MRI-based localization of ROIs for each subject was used to measure regional activity in brain structures chosen a priori
, and to identify significant changes in regional activity, rather than relying on whole-brain voxel-based methods that may not account for structural neuroanatomical abnormalities and variability that are present in OCD.38
Several studies have found systematic errors in the localization of regional cerebral metabolic abnormalities when voxel-based methods were used, compared to individual subject MRI-based ROI methods.69,70
Such errors are often due to failed spatial alignment of small structures, such as the caudate nucleus and hippocampus, which are prone to high anatomic variability.69
Our ROI method also partially corrected for regional atrophy, because CSF and white matter were excluded from the outlines of all gray matter structures, and ensured that pre- and posttreatment values for each ROI were measured in exactly the same neuroanatomical volume in each subject. Symptom severity was assessed in each subject with standardized rating scales immediately prior to their pre- and posttreatment PET scans, so that the brain activity measured on the PET scan would reflect the current symptomatic state of the subject. Thus, we were able to correlate pre- to posttreatment changes in symptom severity with corresponding changes in regional cerebral glucose metabolism.

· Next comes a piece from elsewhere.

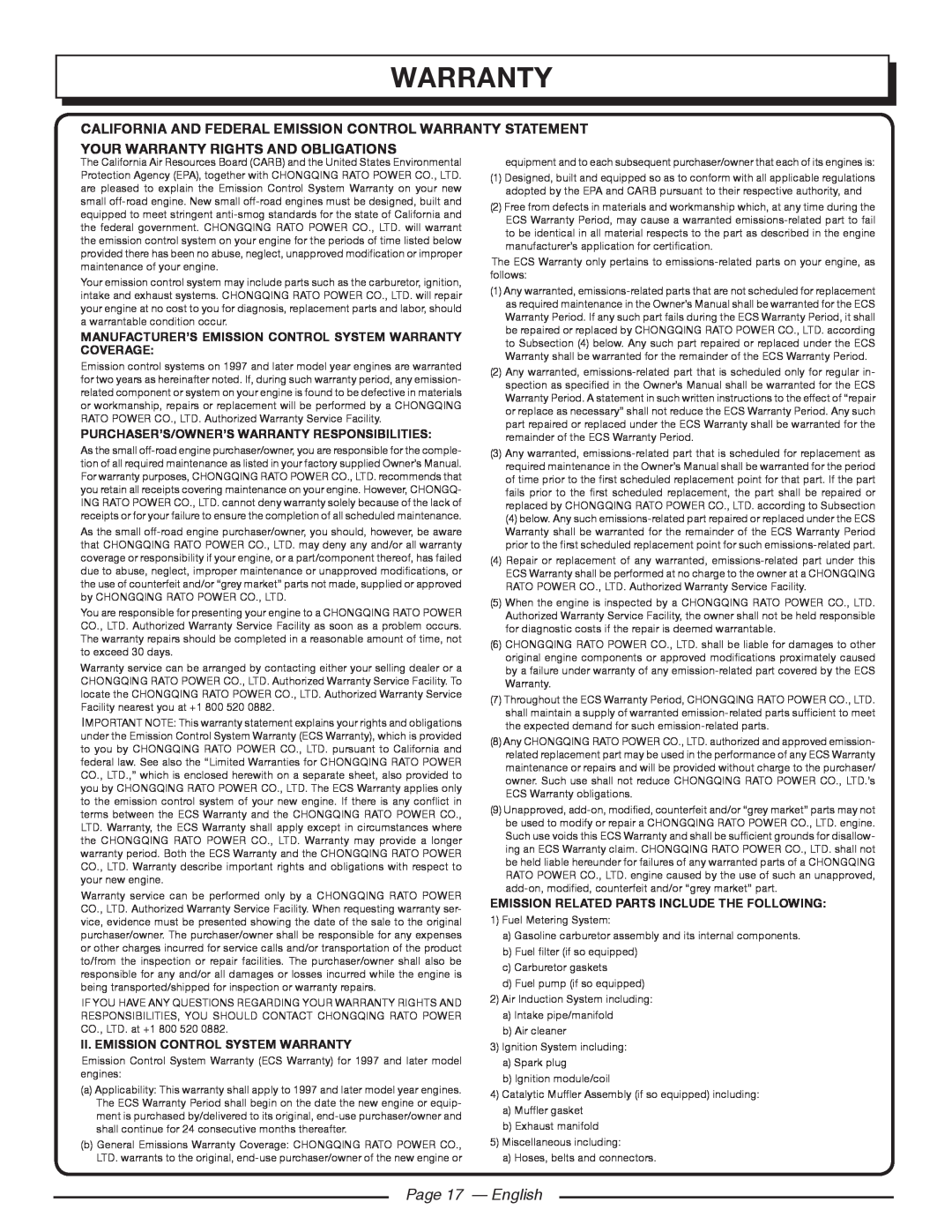 Homelite UT80522, UT80953 Page 17 - English, Manufacturer’S Emission Control System Warranty Coverage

In conclusion, the findings of this study suggest that the rapid response of OCD to brief intensive CBT may be mediated by a distinct pattern of functional neuroanatomical changes: decreases in thalamic activity accompanied by an increase in dACC activity that correlates with the degree of symptomatic improvement. Decreasing thalamic activity may represent a common pathway to response of OCD symptoms to a variety of treatment modalities, while activation of the dACC may be a mechanism of action required for response to CBT across mood and anxiety disorders.